• **Task inputs**
================

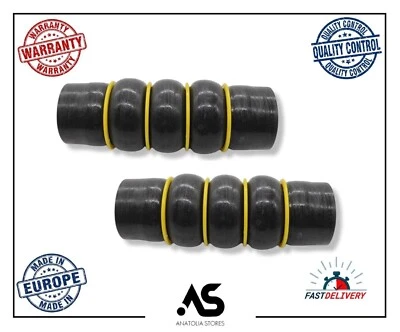 2X Manguera turbo intercooler para Peugeot 3008 5008 308 Partner Expert 1.6 Hdi Foto 1 de 4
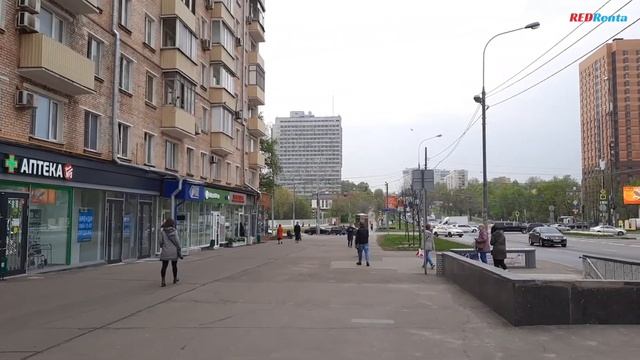 Продажа помещения с сетевым арендатором - Профсоюзная, 19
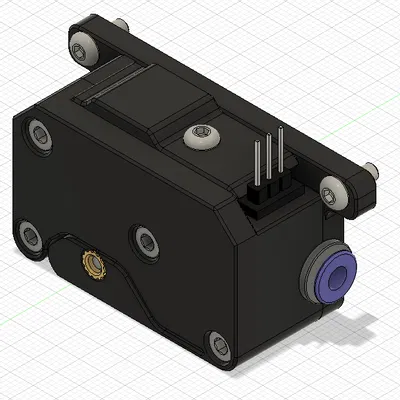 ERCF Smart Filament Motion Sensor Slim Mount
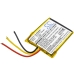 Compatibele batterijvervanging voor AKG AEC402933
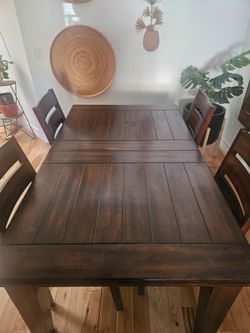 Picnic Style Dining table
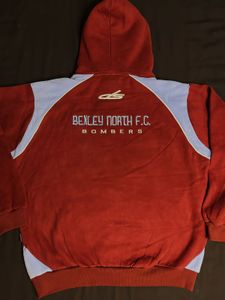 DS SPORTS Vintage Football Club Hoodie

================

Using the data above, write out every line exactly, leaving the images behind.

• **Your solution**
 2X Manguera turbo intercooler para Peugeot 3008 5008 308 Partner Expert 1.6 Hdi Foto 1 de 4
 Продажа помещения с сетевым арендатором - Профсоюзная, 19
 ERCF Smart Filament Motion Sensor Slim Mount
 Compatibele batterijvervanging voor AKG AEC402933
 Picnic Style Dining table
 DS SPORTS Vintage Football Club Hoodie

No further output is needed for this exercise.